George Knight

Personal information
- Full name: George Knight
- Born: 28 March 1835 Petworth, Sussex, England
- Died: 8 January 1901 (aged 65) Petworth, Sussex, England
- Batting: Right-handed
- Bowling: Unknown arm underarm slow
- Role: Wicket-keeper

Domestic team information
- 1860–1874: Sussex

Career statistics
| Competition | First-class |
| Matches | 13 |
| Runs scored | 125 |
| Batting average | 6.25 |
| 100s/50s | –/– |
| Top score | 21 |
| Balls bowled | 88 |
| Wickets | 1 |
| Bowling average | 43.00 |
| 5 wickets in innings | – |
| 10 wickets in match | – |
| Best bowling | 1/25 |
| Catches/stumpings | 8/11 |
- Source: Cricinfo, 8 January 2012

= George Knight (cricketer, born 1835) =

English cricketer (1835–1901)

George Knight (28 March 1835 – 8 January 1901) was an English cricketer. Knight was a right-handed batsman who fielded as a wicket-keeper. He occasionally bowled underarm slow. He was born at Petworth, Sussex.

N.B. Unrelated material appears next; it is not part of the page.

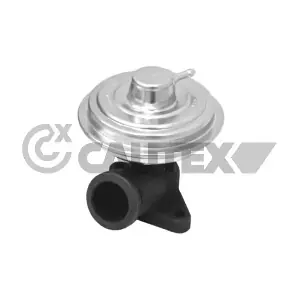 CAUTEX 772502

Knight made his first-class debut for Sussex against Kent in 1860. He played infrequently for Sussex over the next fourteen years, making twelve further first-class appearances, the last of which came against Gloucestershire in 1874. In his thirteen first-class appearances, he scored a total of 125 runs at an average of 6.25, with a high score of 21. In the field he took 8 catches and made 11 stumpings. With his occasionally underarm bowling, he took just a single wicket.

He died at the town of his birth on 8 January 1901.